There are at least 3 things that you expect to get when you sit down to watch a Quentin Tarantino film and they are (in no order of importance) 1.) Colorful, “over the top” characters. 2.) Memorable character monologues. 3.) A LOT of brutally depicted violence. Think of your favorite QT movie, and you’ll see those three things are always there and Django Unchained is certainly has them as well.
The story takes place in the American south a few years before the civil war with Django Shaft (Yes, that’s his full name. Apparently, John Shaft got his badassery thru his genes) played by Jamie Foxx being freed by a German bounty hunter played by Christoph Waltz named Dr. King Schultz (Yes, that’s his full name too). Schultz frees Django,because he was on a plantation where his latest bounty, The Brittle Brothers were last seen.
Schultz (being foreign and detesting the slave trade) offers Django his freedom if he can successfully lead him to The Brittle Brothers since he’s never seen the brothers himself. In the process of helping Schultz locate and seize his bounty, Django reveals that he and his wife Broomhilda (yep, her real name too) played by Kerry Washington, were sold separately as punishment for attempting to run away.
Broomhilda’s original owner was German and taught the language to her in an effort to help him not forget his native tongue. After Dr. Schultz explains to Django the mythos surrounding the name Broomhilda, he tells him that he feels honor bound to help him get his wife back. Unfortunately for the duo, she’s been sold to plantation owner Calvin Candie played by Leonardo DiCaprio.
“Candieland” (Yes, you get it by now right? The names are outrageous) is notorious for its reputation for brutal treatment towards its slaves. Calvin makes his living on cotton, but his hobby is the “Mandingo fights” and Candieland is also a training ground for fighting slaves in the no holds barred battles to the death.

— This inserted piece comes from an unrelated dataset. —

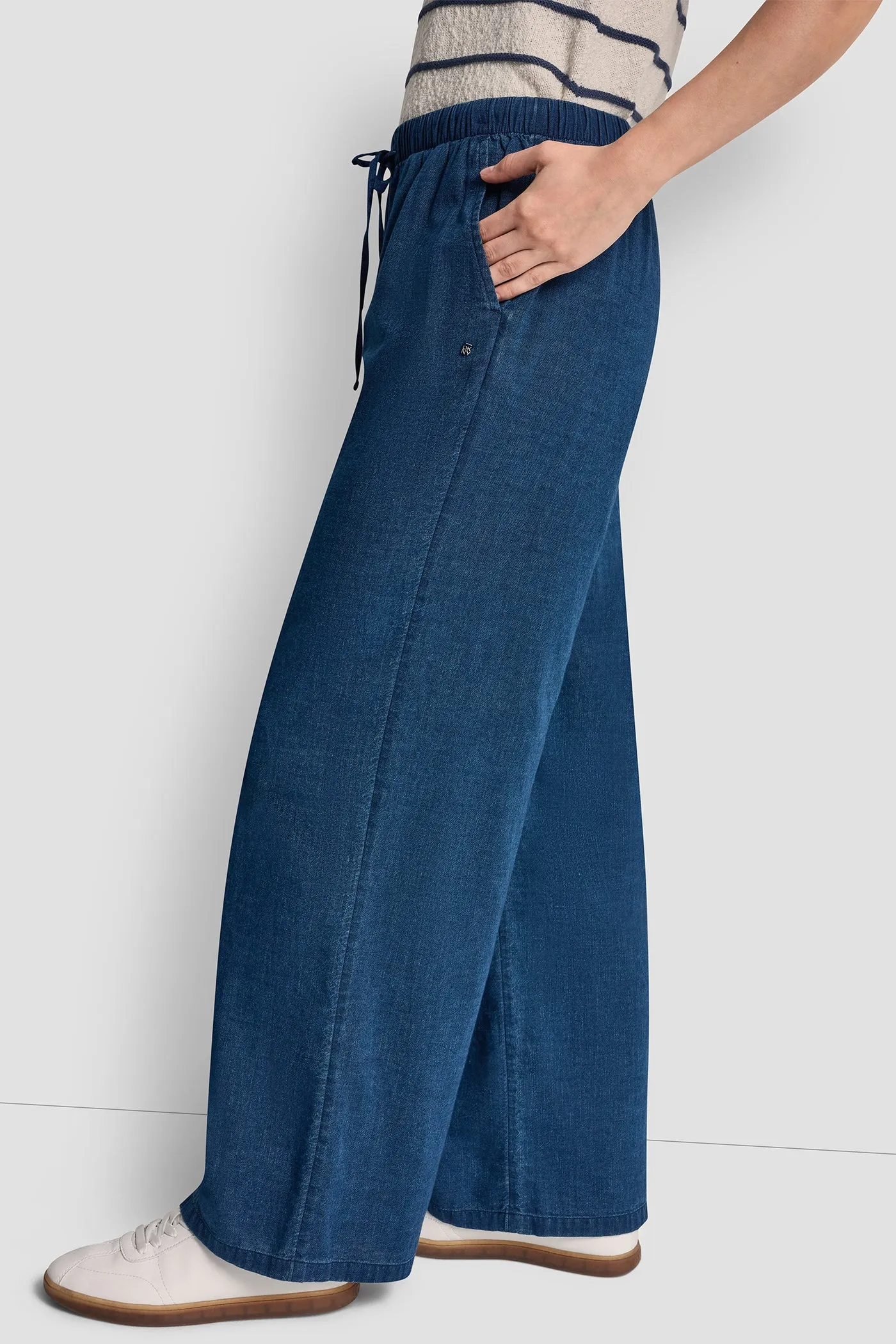 HIGH-WAIST PULL-ON PANT sold by DKNY product image thumbnail 3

Keeping in mind Calvin’s reputation and lust for bloodsport, Schultz devises a plan to legally acquire Broomhilda for Django.
At its essence Django is a spaghetti western, and like most good ones the concept of revenge is the key to making it work–and Tarantino gives you plenty of reasons to want to follow the hero down the very bloody path he must take.
DiCaprio’s Calvin Candie is delightfully evil but in actuality NOT the main villain. Sam Jackson’s character Steven is the real villain and his performance is AWESOME. Both sinister and hilarious as only Mr. Jackson can be. Jamie Foxx does a decent job as the movie’s lead but after watching the movie, I’m left wondering how this all would have looked if Will Smith had decided to take the roll as he was originally asked to play Django.
Sadly, I think Christoph Waltz’s character was underused. The last third of the movie does not have Dr. Schultz in it and I think the movie suffers as a result. Kerry Washington’s character is little more than just a pretty face with sad eyes for the audience to feel sorry about.
One thing that did stand out to me in Django was the great soundtrack! The movie uses music not of the period in perfect spots and aids in ramping you up for the outrageous action that takes place. I was also very happy to see that it included a James Brown/Tupac mix of the main theme.
Now like most of his films, Django Unchained is HORRIFICALLY violent, and when you mix that with the setting of the Deep South during the slave trade, you get more than a couple of uncomfortable scenes depicting brutality against slaves. If you have racial issues or are particularly sensitive about others views on the subject, then do yourself a favor and just wait for it on DVD and watch it in the privacy of your own home.
About 20 minutes or so into the showing, I heard a woman behind me say to someone she was with, “go ahead it’s okay, you can laugh”. I didn’t turn around to see who she was talking to, but my bet is that they were white and felt uncomfortable about laughing at a joke with the abuse of slaves as the punch line.
There is plenty of that kind of humor in this movie. The dialogue in Quentin Tarantino’s movies has always included crass humor centering on taboo subjects and Django is no different. With all of this being said, if you are familiar Tarantino’s movies then Django is a must see. Is it as profound as Inglorious Basterds or Pulp Fiction? No. Is it as iconic as Reservoir Dogs? No, but I would put it right there with Kill Bill I and II, for sure, and that’s not bad at all.